However, every now and then, I'm struck by the urge to pick up a putter and an oddly colored, well-worn golf ball and try to navigate astroturf-covered challenges flanked by windmills and fiberglass alligators and riddled with tunnels of PVC piping. I mean, how can you not enjoy mini-golf? No one is any good at it, it's designed to be a source of amusement, not of true competition, and if you don't have anyone behind you, you can always pick your golf ball up and see what happens when you putt it down some other alley or tube.
When I was a kid, I played occasionally at the mini-golf course by the Wellfleet Drive-in on Cape Cod but really got hooked when I visited my grandmother in Farmington, CT, and played at the course there. It certainly wasn't as dynamic and challenging as new courses now – mostly just rises and dips, a few concrete obstructions, a windmill, a miniature barn with doors that opened and closed at regular intervals – but it was a blast to play as a kid. The 19th hole is the mini-golf equivalent of Skee Ball and 35 years after I started playing there, I've still never managed to get my golf ball into the center hole to win the free game.

(By the way, if you are in Bar Harbor, playing golf at Pirate's Cove, and want a quick, easy and affordable bite to eat, allow me to recommend Pepper's Pizza a bit farther along the road into Bar Harbor. It's a joint but the food and service are great. Enjoy!)
While we paid for two rounds (there's the classic course and also Blackbeard's Challenge), we elected to break for dinner after only playing the classic.
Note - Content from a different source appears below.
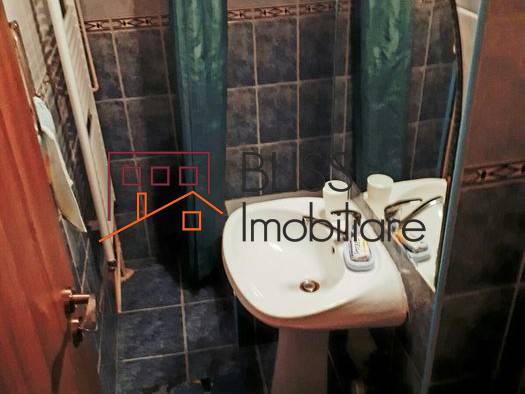 Apartment for Rent Aviatiei | Promenada mall | Metro Pipera, Bucharest - 3 Bedroom - ID:51272 | Bliss Imobiliare / Photo 8 - BLISS Imobiliare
Once again, I failed to win a free game. As luck we would have it, we never did make it back for the second round but instead handed off our game tokens to Duane and Kelly, a couple we met our final morning at the B&B. Wouldn't you know it...Duane e-mailed after they returned from their vacation to report that they'd had a great time and won that #$%^& free game! Well, I'm glad someone did.